Facebook shareholders tell Mark Zuckerberg that being a billion dollar company is “only cool if you weren’t already a trillion dollar company”. Zuckerberg is so attached to his virtual metaverse avatar that he ignores the naysayers, eventually needs more cash, and is forced to sell WhatsApp to Microsoft in a fire sale.
Crypto continues its spiral towards the nothingness from which it came, and closer to where it belongs. Binance finally succumbs to its fate, Tether plummets after agreeing to an independent audit, and Coinbase files for Chapter 11 citing “complications caused by an unprofitable business model”. Jim Chanos’s crypto shorts make him the richest hedge fund manager in the world.
Warren Buffet makes good on his pledge to buy all the Bitcoin in the world below his initial offer price of “$25”, and is proven right yet again! As Warren B predicted, owning all the Bitcoin does render it utterly useless and worthless. He sells it all to Cathy Wood and Michael Saylor, who remain the only buyers. The SEC investigates Saylor for a second time.
The SEC announces it is pursuing a major US bank for “green washing on an industrial scale”. The internet goes into a frenzy speculating that it is Wells Fargo, again! Charles Scharf denies Wells Fargo’s involvement in a single tweet “Due to labour market supply shortages, Wells Fargo simply cannot participate in more than one industrial scale fraud at the same time.”

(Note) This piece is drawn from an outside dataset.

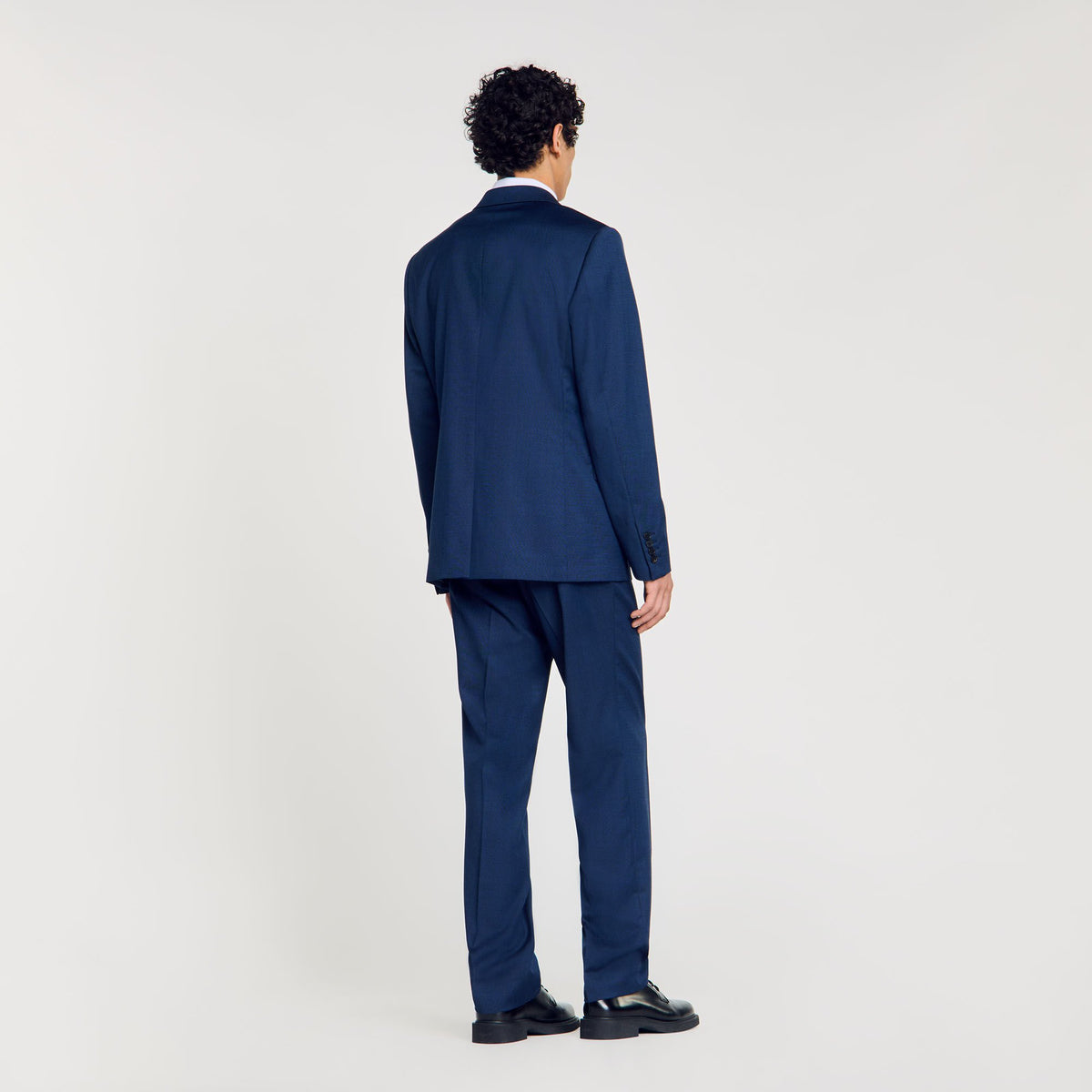 Sandro Wool suit jacket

Out of the ashes of crypto, rises a new token dubbed the BTMDC, or “back to Mum and Dad Coin”. The crypto crowd go wild when they learn that mum and dad won’t buy their used Teslas; M’s & D’s are old school and prefer Fiats and a reasonable rate of return. They also want their lawns mowed once a week and the pool cleaned. Tough love is back on the menu!
Elon Musk discovers that his version of “freedom of speech” is actually pretty expensive, even by his standards. New investors have learned that Tesla is actually a car company and re-align its P/E ratio with Ford and GM’s (6x P/E). Musk gets a margin call from JP Morgan and tweets the old chestnut “If I owe JP Morgan $1 million, then JP Morgan owns me, if I owe JP Morgan $100 billion, I own JP Morgan”. JP Morgan is unimpressed and just leaves Twitter.
Jamie Dimon receives a lifetime achievement award for finally discovering a use case for blockchain. He uses its immutability to discover every JP Morgan employee who defied him by trading crypto, and true to his word, he fires them all! Together they unite and sue him using a centralized law firm.
To settle the ongoing dispute between the SEC and the CFTC over who does/doesn’t want to regulate crypto?, a breakthrough occurs. A new joint organization is formed henceforth to be known as the Securities Union and Commodity Crypto Authority, or “SUCCA” for short.
And there you have it, my inaugural ten market predictions for 2023. Only time will tell to see who is in or out, up or down, right or wrong. So sit back, relax, and enjoy 2023. Until next year, happy market gazing!